There is much talk about ‘red lines’ at present and most of
us have had enough of the ‘B’ word (Brexit). However,
Lent and particularly Passion Sunday is very much about red
lines – priorities putting things in the right order. and
boundaries – deciding what is most important.
As we go through life there are some things that are very
important. Over these past months, Eileen and I have
been discussing things we’ve had for 40, 50 or 60 years and
which we cannot continue to keep. They are reminders
of our life’s journey and have accompanied us through many
house moves so I could be accused of prioritising them.
1. God’s new thing becomes the priority.
In the book of Isaiah God’s people are not to consider the
former things (don’t look back to the old things) because
God is doing a new thing – something that will change
everything.

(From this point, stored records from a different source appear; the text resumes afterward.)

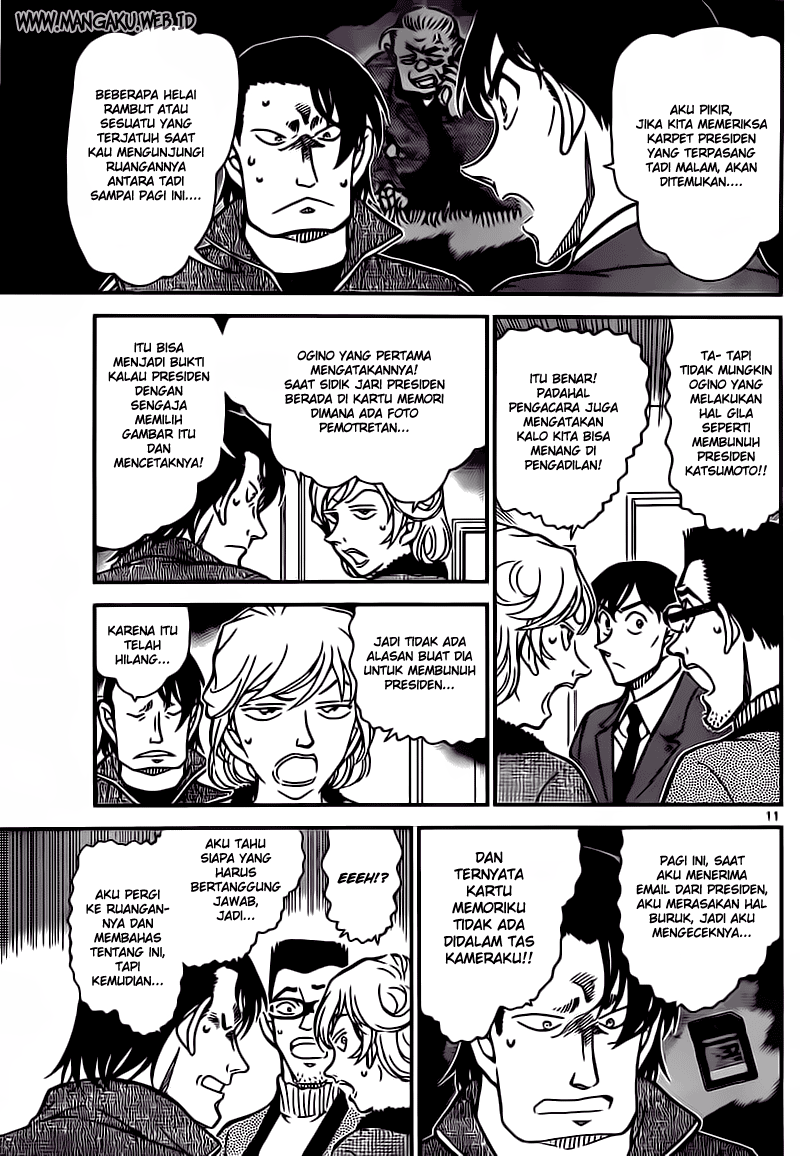 Rebirth of God Level Prodigal Son Chapter 51 - halaman 11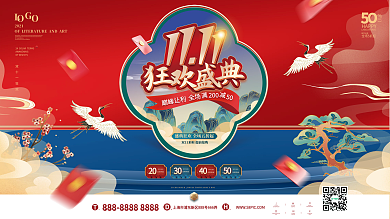 国潮风双十一商场超市线下活动促销展板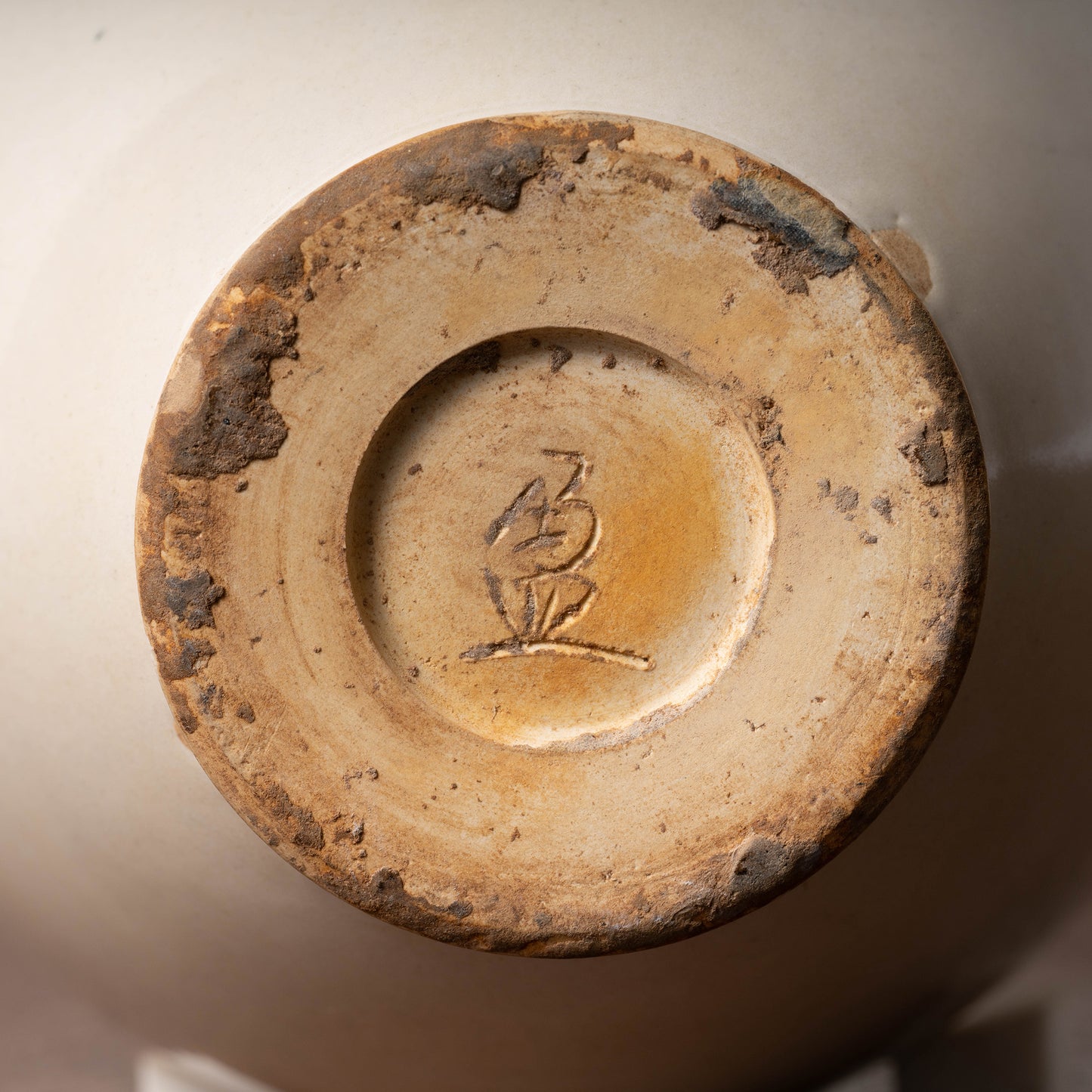 唐代 邢州窯 白磁盤口双耳瓶「大盈」銘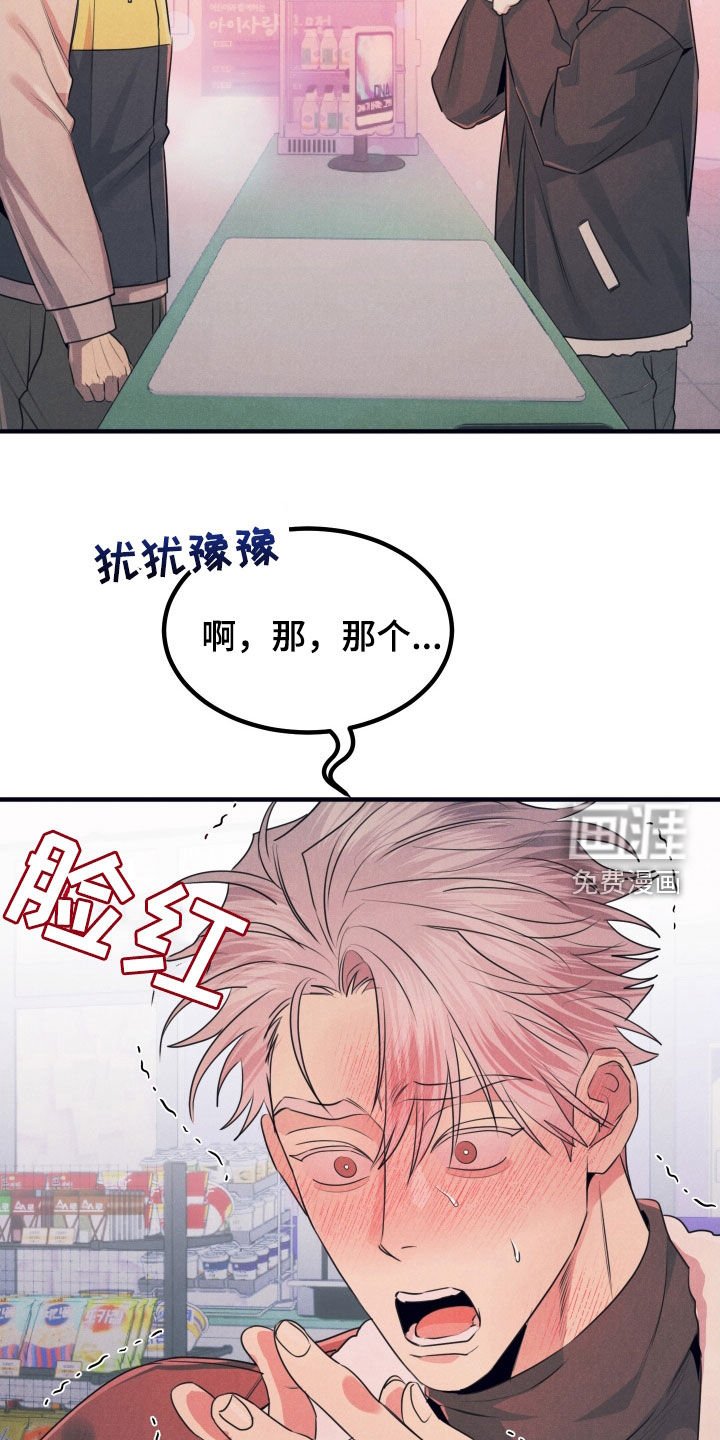 第18章：一见钟情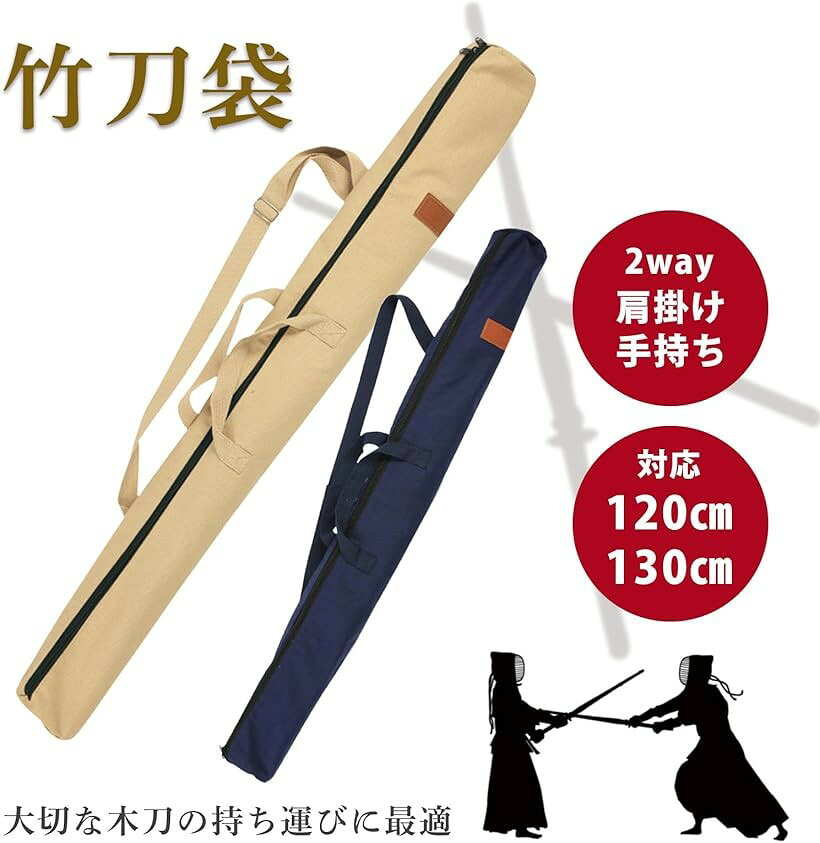 エムラインストアの竹刀袋 ケース 肩掛け 布 帆布 持ち運び 剣道 収納 バッグ 丈夫 キャンバス コスプレ 防具 (ベージュ, 130cm)｜アングル2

There will be streams in the desert and
the wilderness will blossom.
The Jewish celebration of Passover has always featured
thanksgiving. On Friday I was leading the end of term
service for Saint Nicholas Church of England primary
school. I reminded the children that this is the time
of year when Jewish people are celebrating Passover, having
already taught them the famous Passover song ‘Dayennu’ from
the Passover Seder - a song that recounts Israel’s
wilderness journey with the refrain ‘it would have been
enough’. If God had only brought us out of Egypt – it
would have been enough. The priority for God’s people was in
recognizing that God had set His people free to go to a new
place to do a new thing. Despite this, the story of
Exodus shows God’s people falling out, grumbling, falling
out with one another. In Scripture they are shown as
ordinary folk with ordinary issues and ordinary
personalities. At times they did not want to carry on
to this uncertain future. Once they had left Egypt, we
see them regarding their ‘redeemer Moses with some
scepticism. They began to long for the things they had
before. They had had to travel light and move
quickly. They had only one night to leave their homes
and move. So, they had no time to prepare for their
escape – like refugees, their priority was to preserve life
and go to a new and safer place. Like the refugees I
have personally spoken to, they risked all, propelled
forward by the hope of the new life. God’s people need
to learn God’s priorities and God’s red lines.
2. Making God’s way the top priority.
When it comes to that encounter in the home of Mary and
Martha we see more red lines. This time though, it’s the
lines of an account book. I mentioned accounts when I
last preached from this pulpit and you may think I was
obsessed with it. However, it is something I have had
to work at. Forced by circumstances to teach accounts,
I rarely stayed more than a chapter ahead of the
class. We cannot, however, live without accounts and
we all have to be ‘one chapter ahead’ so to speak.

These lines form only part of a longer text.